---------- DATASET SECTION ----------
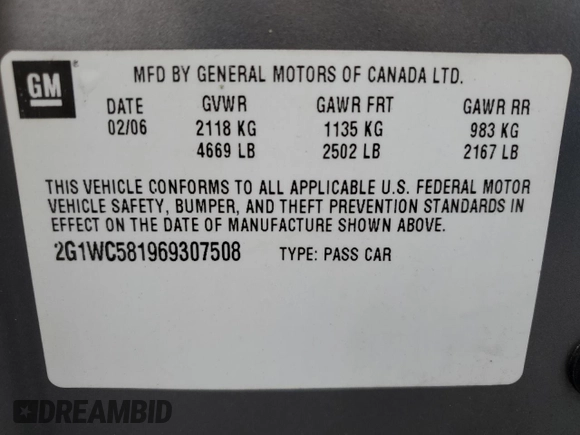 2006 Chevrolet Impala LT 3.9L with VIN 2G1WC581969307508, listed as a Copart auction lot 52126735 with 107,132 mi miles and Salvage Title. Bid and sale history available at DreamBid. Image 15.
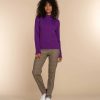 Vrouwen Geisha Fashion | Geisha Dames Ribgebreide Trui 34588-14 Paars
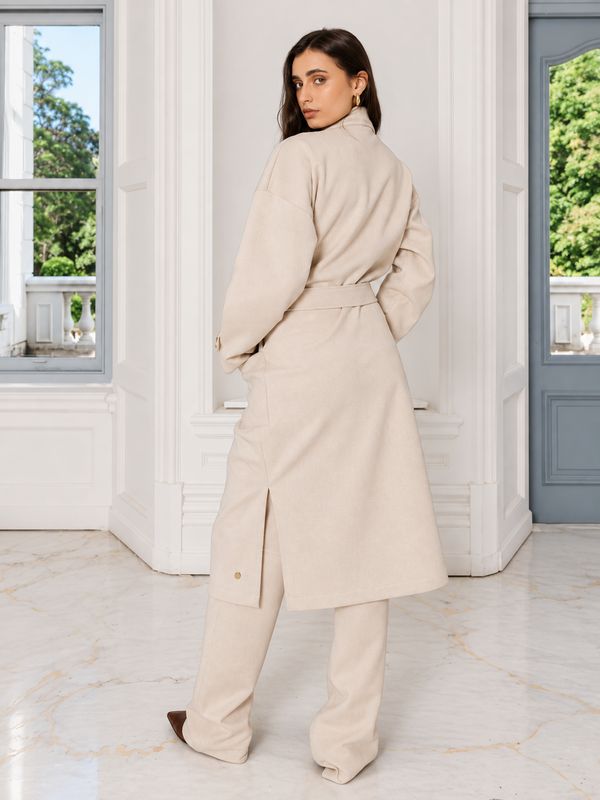 Gia - Parker - Long Mock suede Cream Coat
----------
| EXERCISE |
Every line of the material should be repeated precisely; pictures are to be excluded.

| YOUR RESPONSE |
 2006 Chevrolet Impala LT 3.9L with VIN 2G1WC581969307508, listed as a Copart auction lot 52126735 with 107,132 mi miles and Salvage Title. Bid and sale history available at DreamBid. Image 15.
 Vrouwen Geisha Fashion | Geisha Dames Ribgebreide Trui 34588-14 Paars
 Gia - Parker - Long Mock suede Cream Coat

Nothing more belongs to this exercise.